* **TASK ITEM**
Leaving out the images, reproduce every line of the data that follows exactly.

* **GIVEN INFORMATION**
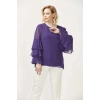 28009 Kolları Fırfırlı Büyük Beden Bluz Mor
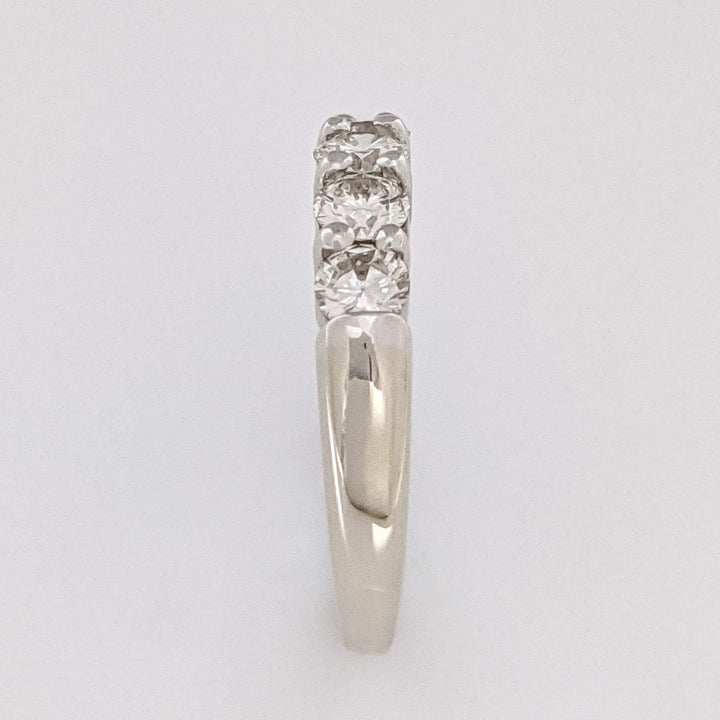 14K WHITE .98 CARAT TOTAL WEIGHT VS K DIAMOND ROUND (5) ESTATE PRONG BAND 4.4 GRAMS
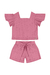 Conjunto Blusa+ Shorts em Tecido Laise de Verão Infantil Quimby- 4 ao 8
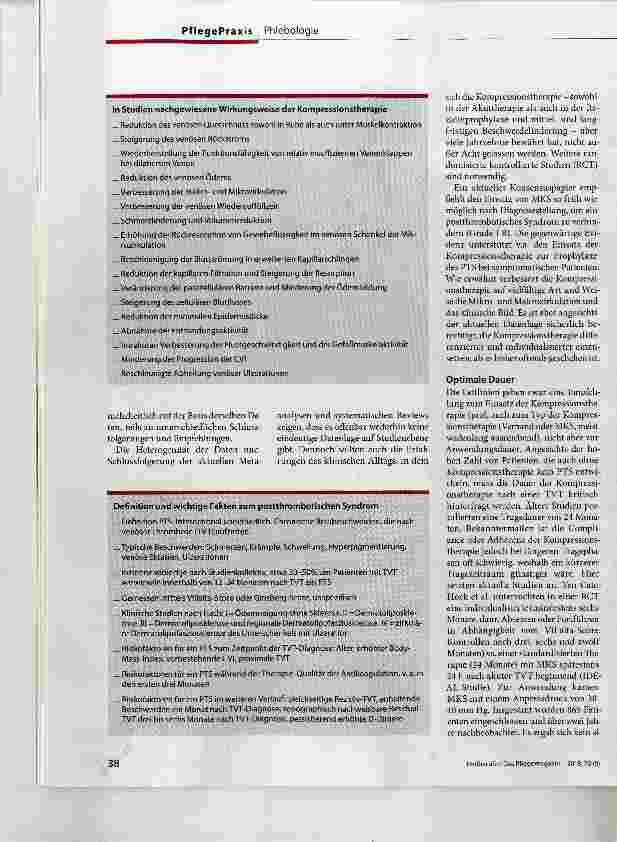 Vorschauseite 2: Hat die Kompressionstherapie heute noch einen Stellenwert?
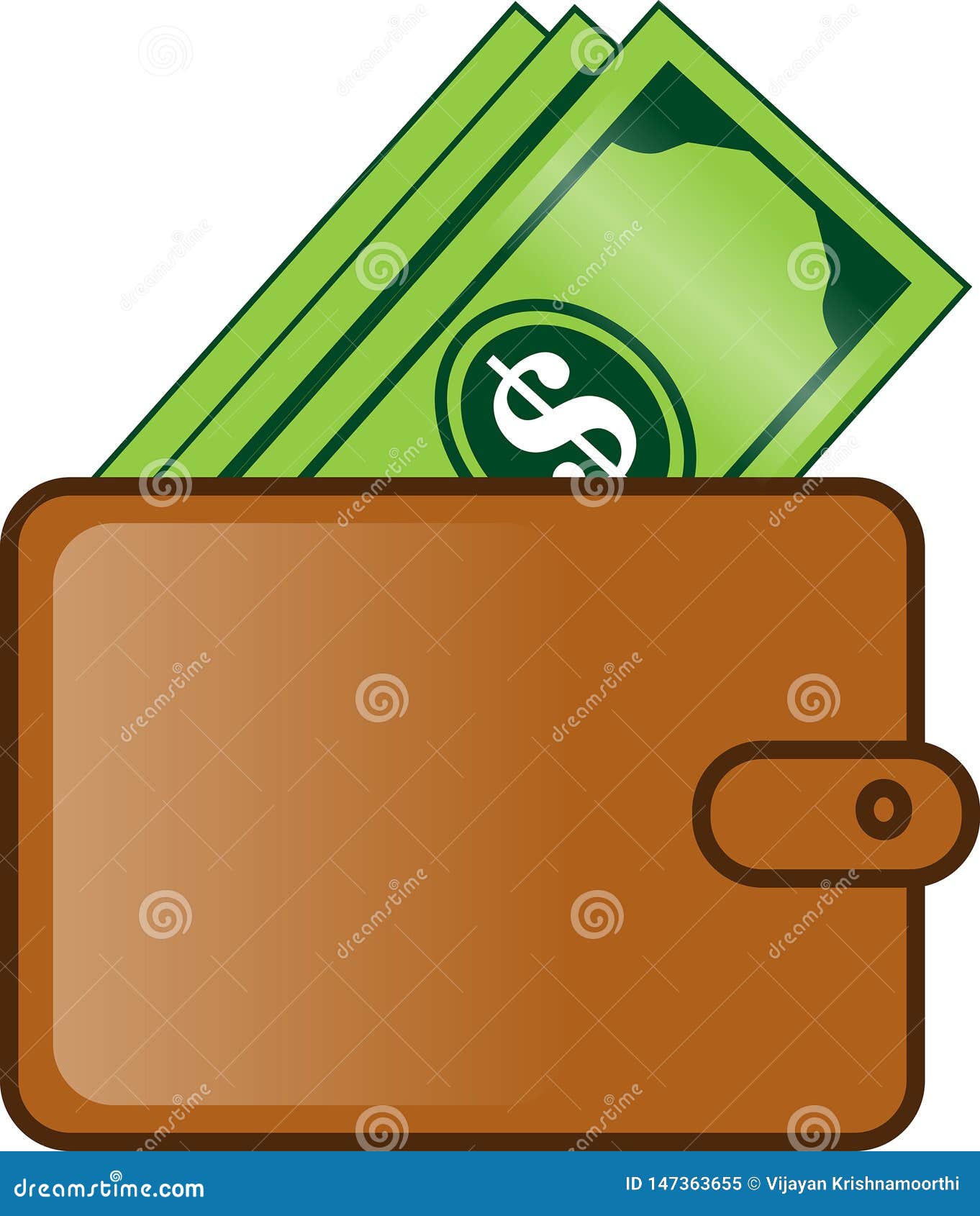 Wallet Full of Money Flat Cartoon Illustration Stock Vector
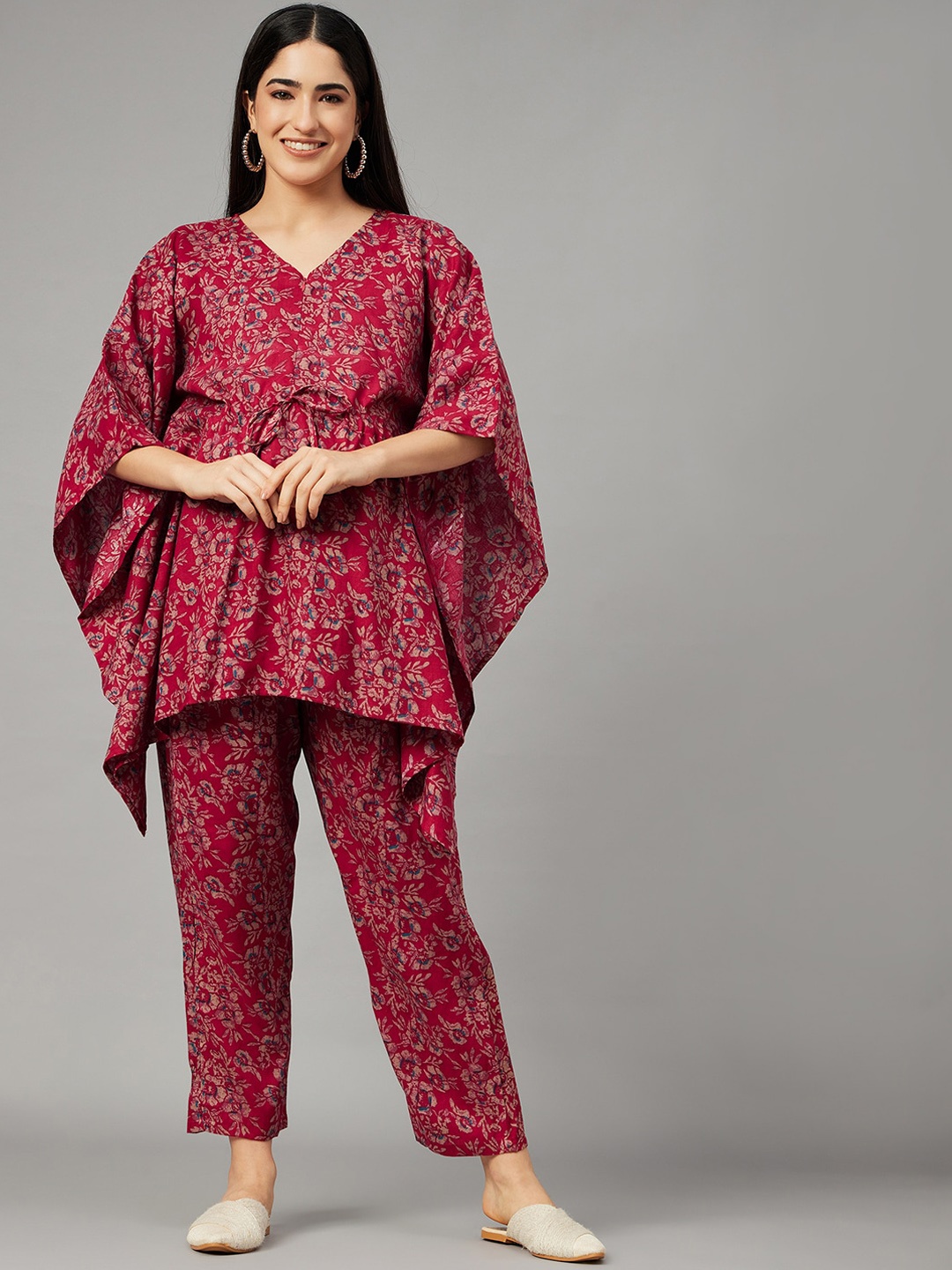 

Aaheli Floral Printed Maternity Kaftan Top With Trouser Co-Ords, Maroon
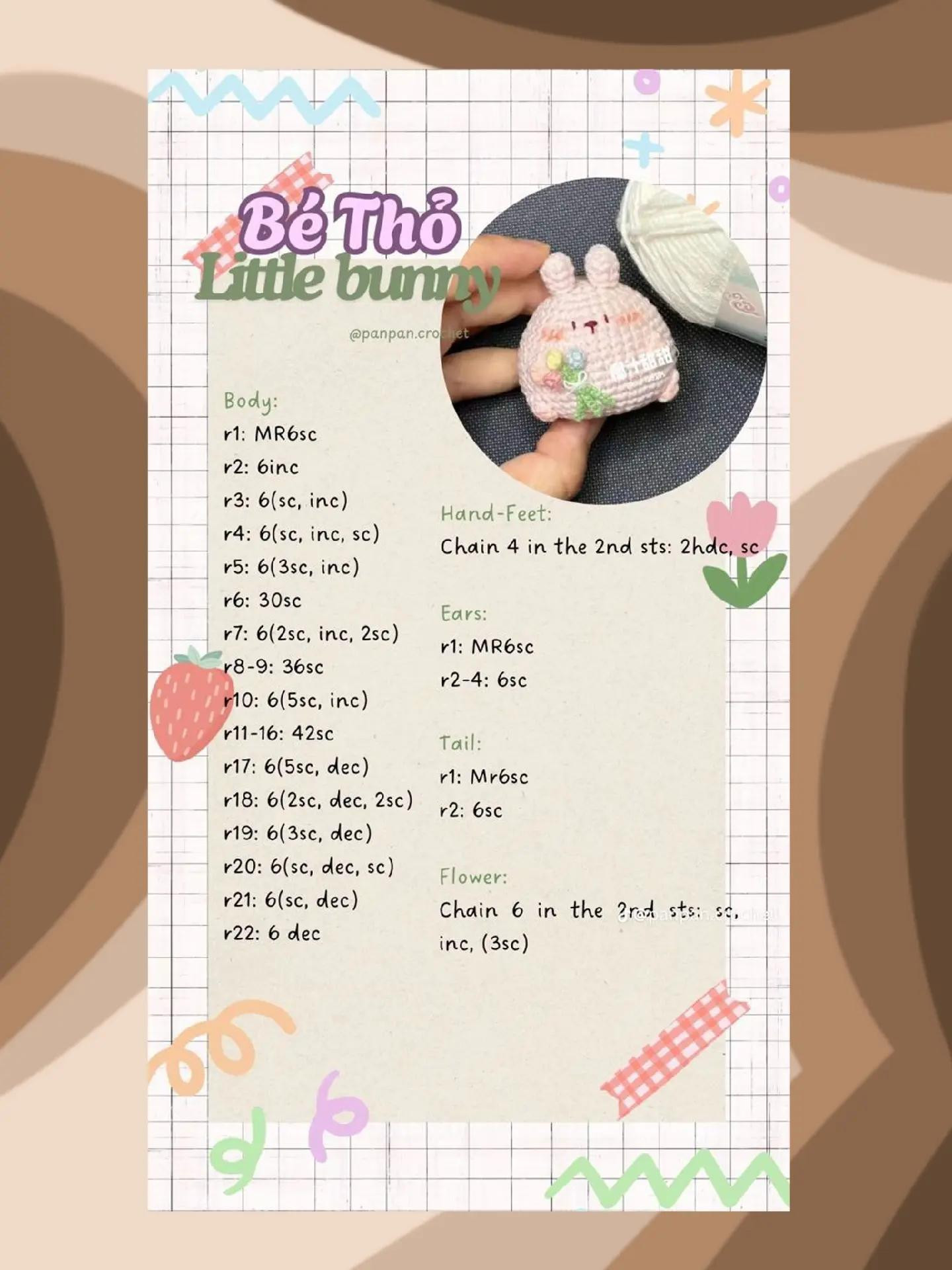 Tổng hợp chart móc len amigurumi: Bé Nấm, Thỏ, Dừa, Ếch và Bánh Gấu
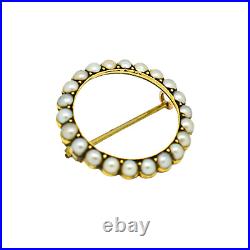 Antique Victorian natural half pearl circle brooch / lace pin, 9ct yellow gold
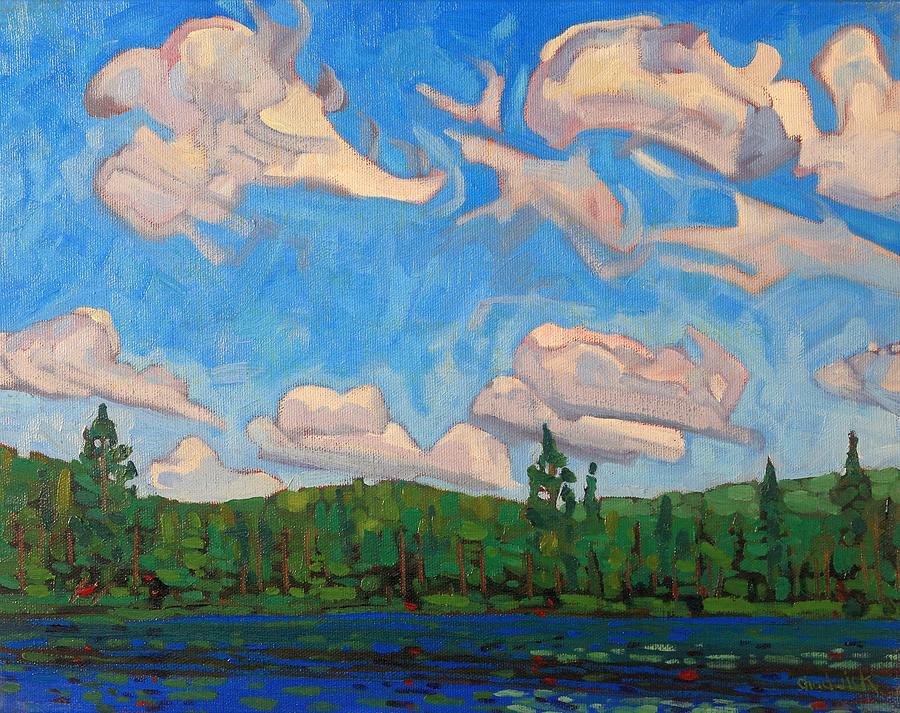 Blue Sky Lake #1 Painting by Phil Chadwick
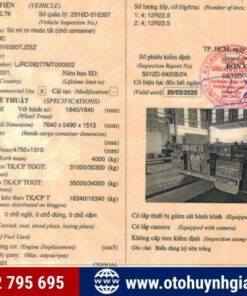 Sổ đăng kiểm mooc xương CIMC 2 trục 20 feet đời 2021 cũ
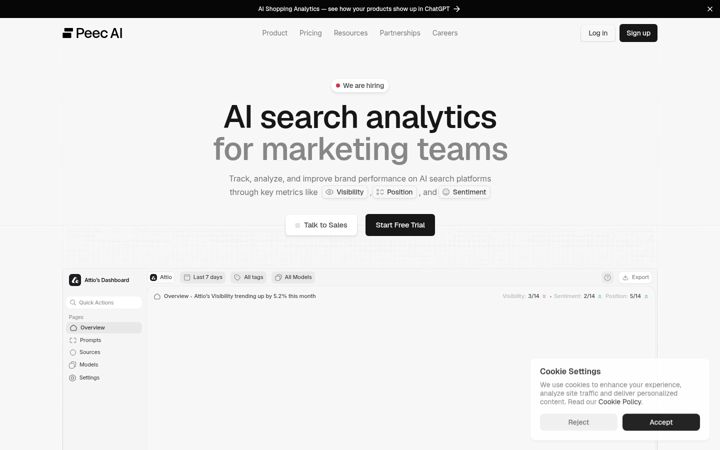 Screenshot of peec.ai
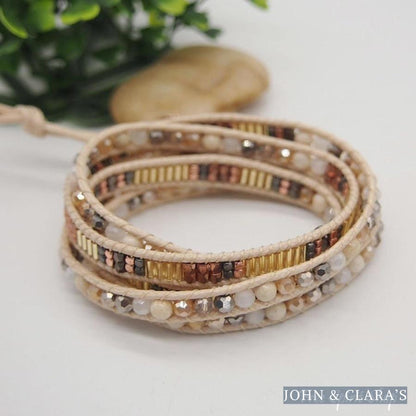 Snowy Agate Beige Beaded Wrap Bracelet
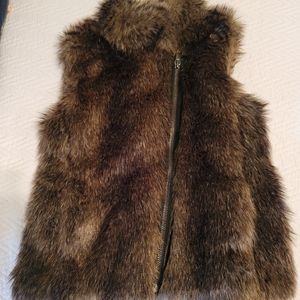 Banana Republic Faux Fur Assymetrical Zip Vest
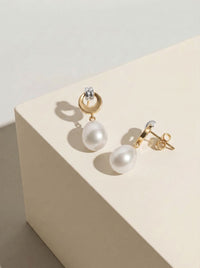 9ct Two Tone Freshwater Pearl Drop Earrings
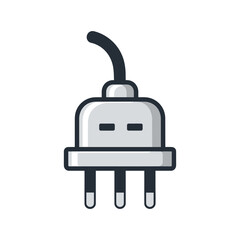 Isolated electric plug vector illustration power supply electrical outlet connection energy appliance design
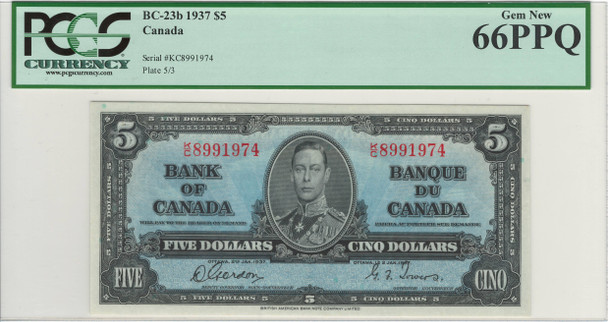 Canada: 1937 $5 Bank of Canada Banknote BC-23b PCGS Gem Uncirculated 66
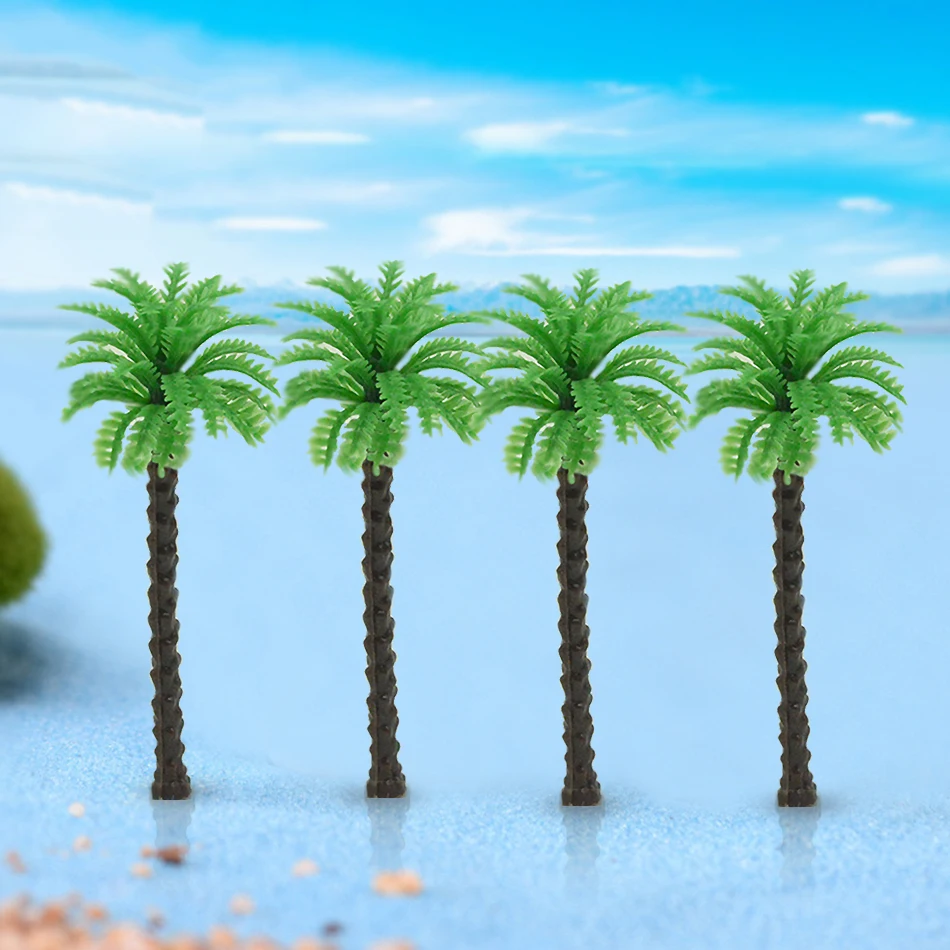 

300pcs 3.5cm miniature Architecture Plastic Palm Tree Model Miniature scale Palm Tree for sea scenery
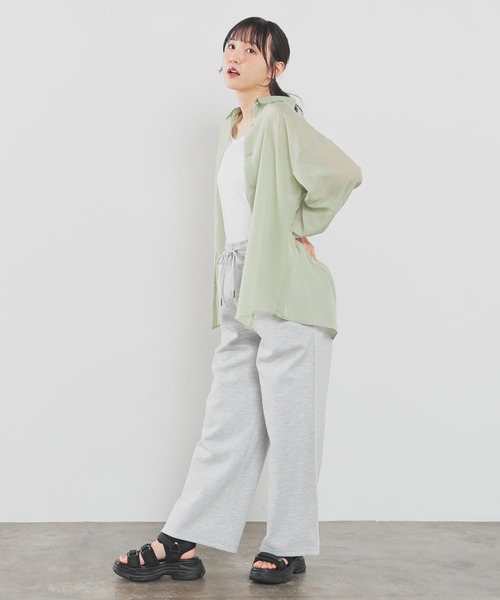 Honeys（ハニーズ）の「タンクトップ付きシアーシャツセット（シャツ/ブラウス・レディース・ホワイト/ホワイト×ネイビー/パープル/ホワイト×ブルー/オリーブ/ピンク系その他/ブルー系その他3・L/LL/M/S）」の19枚目の写真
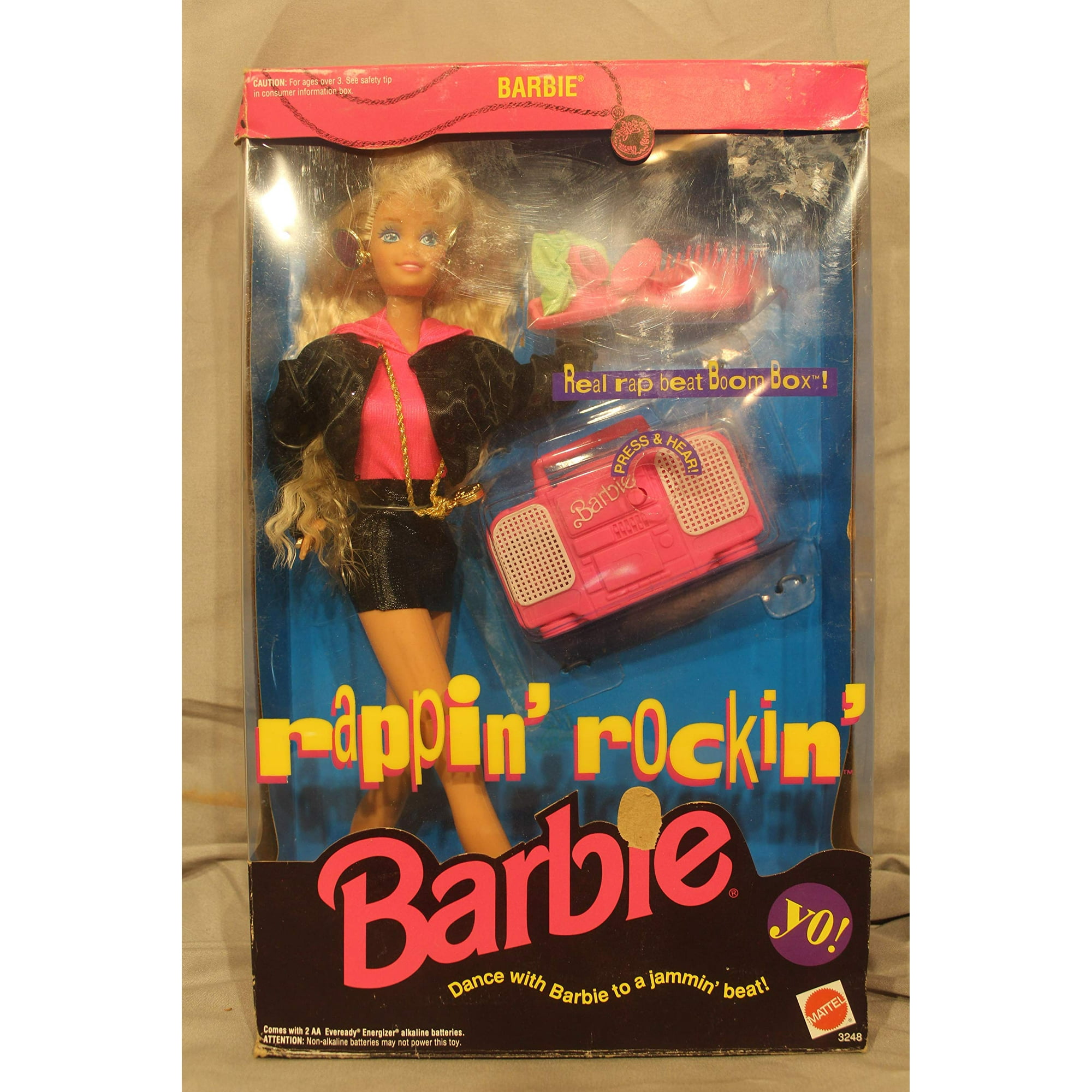 Rappin Rockin Barbie Doll w Working Boom Box 1991 Walmart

* **REPLY**
 28009 Kolları Fırfırlı Büyük Beden Bluz Mor
 14K WHITE .98 CARAT TOTAL WEIGHT VS K DIAMOND ROUND (5) ESTATE PRONG BAND 4.4 GRAMS
 Conjunto Blusa+ Shorts em Tecido Laise de Verão Infantil Quimby- 4 ao 8
 Vorschauseite 2: Hat die Kompressionstherapie heute noch einen Stellenwert?
 Wallet Full of Money Flat Cartoon Illustration Stock Vector

Aaheli Floral Printed Maternity Kaftan Top With Trouser Co-Ords, Maroon
 Tổng hợp chart móc len amigurumi: Bé Nấm, Thỏ, Dừa, Ếch và Bánh Gấu
 Antique Victorian natural half pearl circle brooch / lace pin, 9ct yellow gold
 Blue Sky Lake #1 Painting by Phil Chadwick
 Sổ đăng kiểm mooc xương CIMC 2 trục 20 feet đời 2021 cũ
 Screenshot of peec.ai
 Snowy Agate Beige Beaded Wrap Bracelet
 Banana Republic Faux Fur Assymetrical Zip Vest
 9ct Two Tone Freshwater Pearl Drop Earrings
 Isolated electric plug vector illustration power supply electrical outlet connection energy appliance design
 Canada: 1937 $5 Bank of Canada Banknote BC-23b PCGS Gem Uncirculated 66

300pcs 3.5cm miniature Architecture Plastic Palm Tree Model Miniature scale Palm Tree for sea scenery
 Honeys（ハニーズ）の「タンクトップ付きシアーシャツセット（シャツ/ブラウス・レディース・ホワイト/ホワイト×ネイビー/パープル/ホワイト×ブルー/オリーブ/ピンク系その他/ブルー系その他3・L/LL/M/S）」の19枚目の写真
 Rappin Rockin Barbie Doll w Working Boom Box 1991 Walmart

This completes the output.